Supplied records:
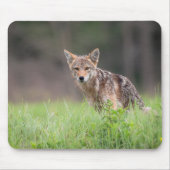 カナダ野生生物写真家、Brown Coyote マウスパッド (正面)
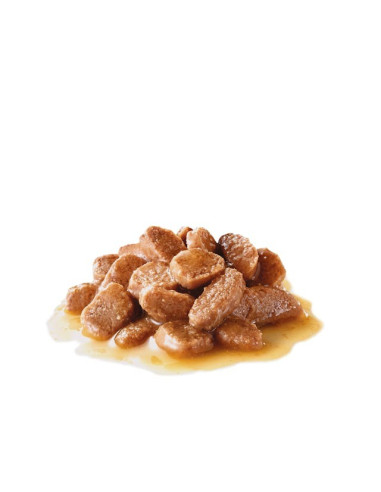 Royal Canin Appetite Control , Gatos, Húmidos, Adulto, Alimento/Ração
* * *
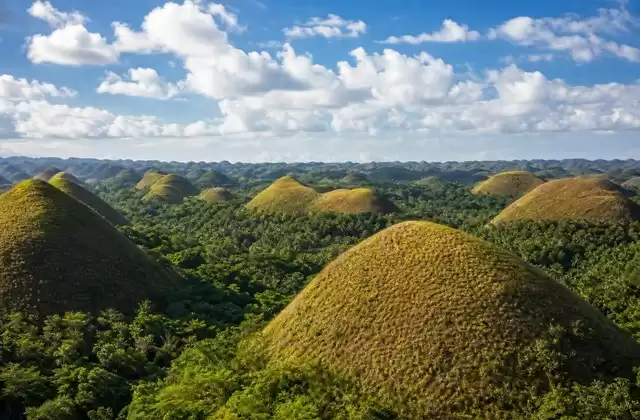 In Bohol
...
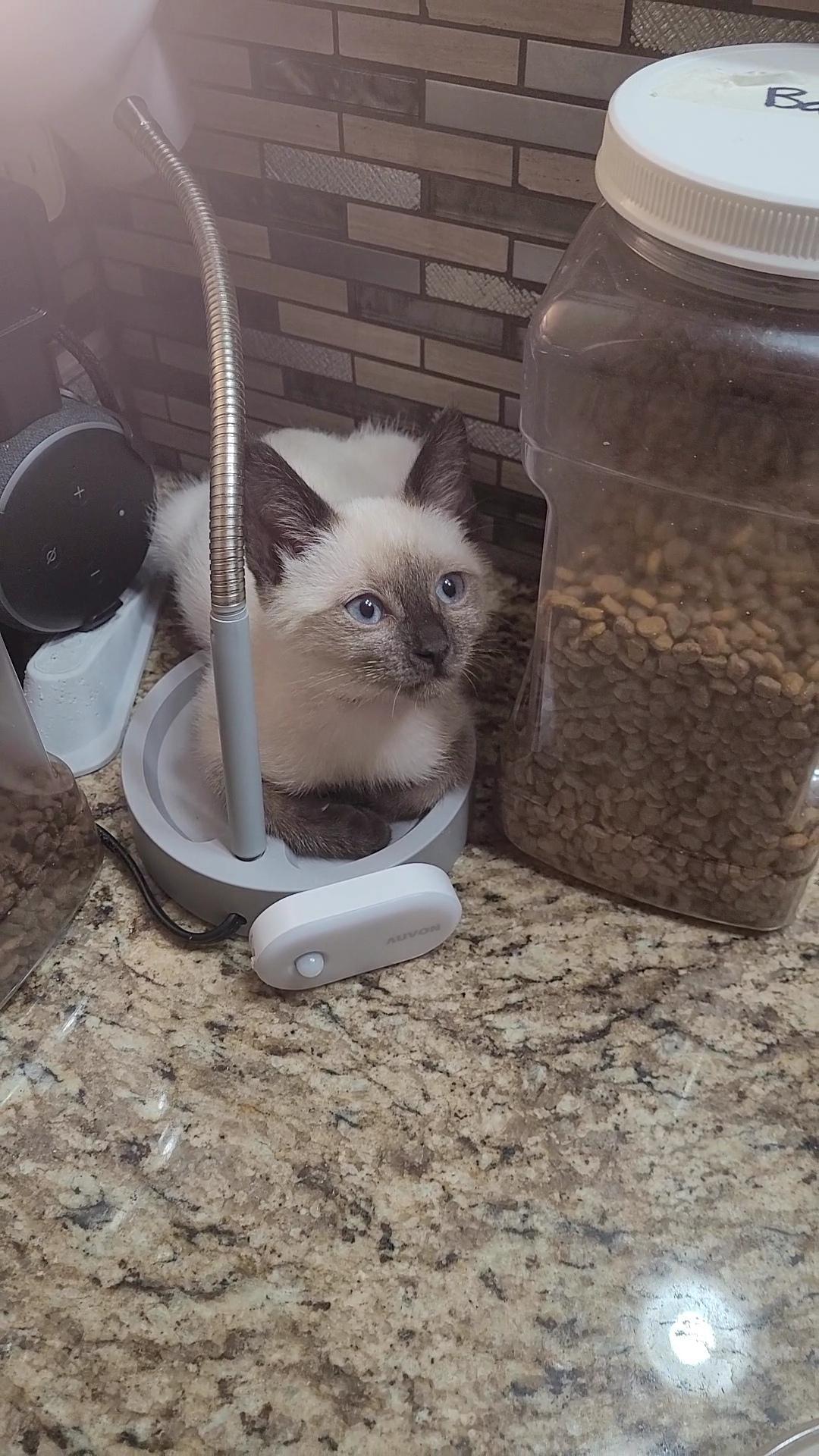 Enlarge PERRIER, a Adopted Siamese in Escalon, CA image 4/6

Aim of the exercise:
Above are records; write out the lines from the one with "カナダ野生生物写真家、Brown Coyote マウスパッド (正面)" down to the one with "Royal Canin Appetite", exactly, leaving the pictures out.

Answer space:
 カナダ野生生物写真家、Brown Coyote マウスパッド (正面)
 Royal Canin Appetite Control , Gatos, Húmidos, Adulto, Alimento/Ração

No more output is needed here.